Data provided ▸
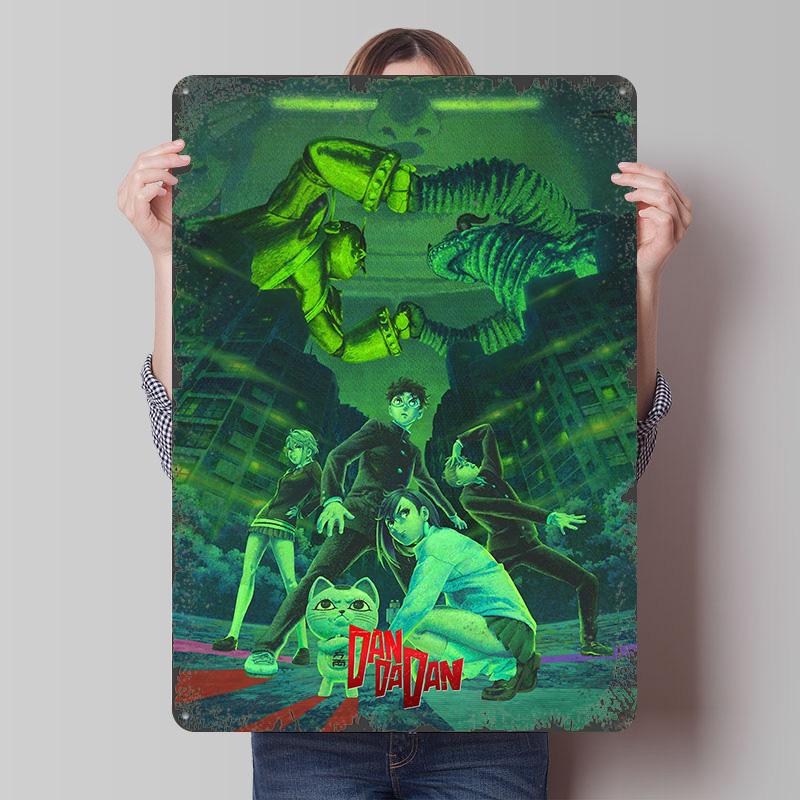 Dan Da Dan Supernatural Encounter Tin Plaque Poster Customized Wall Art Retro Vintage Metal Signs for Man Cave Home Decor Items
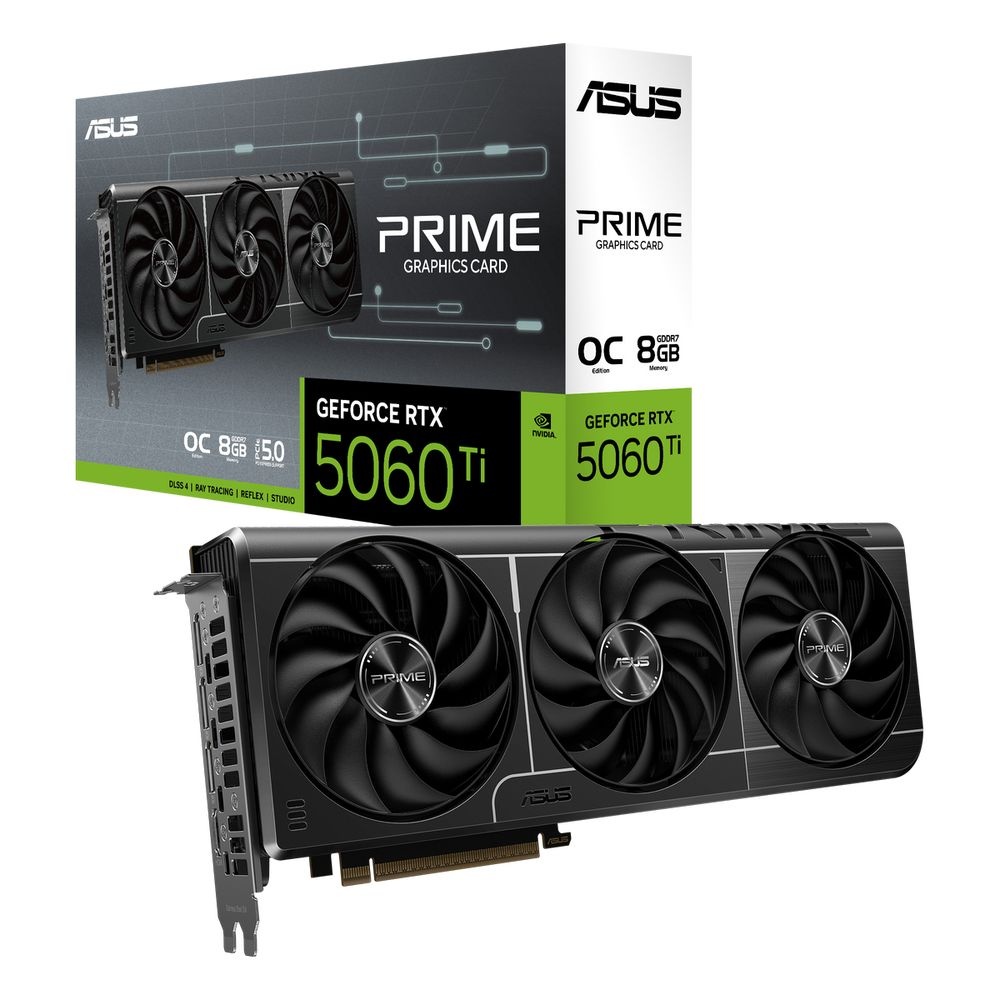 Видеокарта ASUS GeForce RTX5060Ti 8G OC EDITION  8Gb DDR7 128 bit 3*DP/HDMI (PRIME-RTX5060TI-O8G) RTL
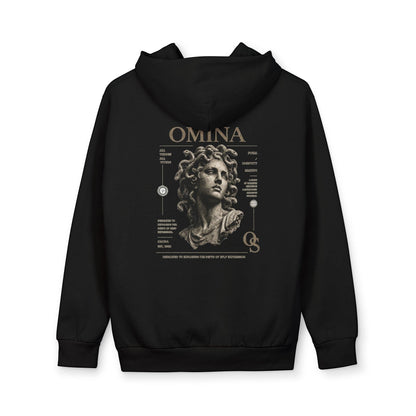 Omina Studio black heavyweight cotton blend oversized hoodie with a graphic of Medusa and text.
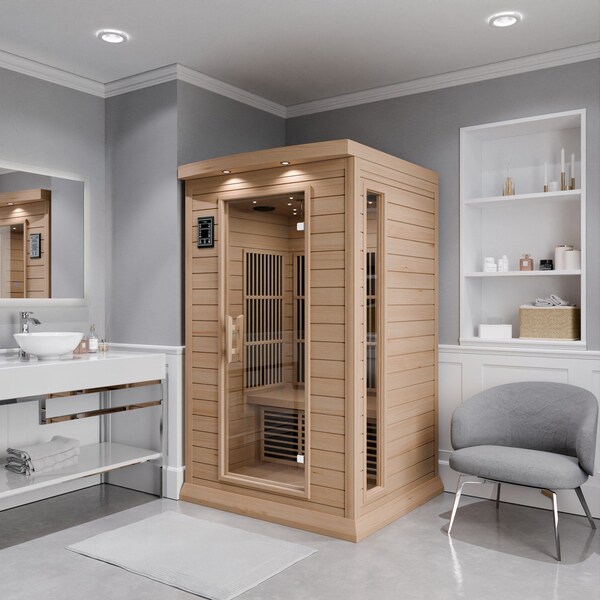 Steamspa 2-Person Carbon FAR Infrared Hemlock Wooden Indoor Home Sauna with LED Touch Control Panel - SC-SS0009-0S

Directions for this task ▸ Give again, word for word, every line from the top of the data through the line with "Видеокарта ASUS GeForce", both ends included, and exclude the pictures.

Response below ▸
 Dan Da Dan Supernatural Encounter Tin Plaque Poster Customized Wall Art Retro Vintage Metal Signs for Man Cave Home Decor Items
 Видеокарта ASUS GeForce RTX5060Ti 8G OC EDITION  8Gb DDR7 128 bit 3*DP/HDMI (PRIME-RTX5060TI-O8G) RTL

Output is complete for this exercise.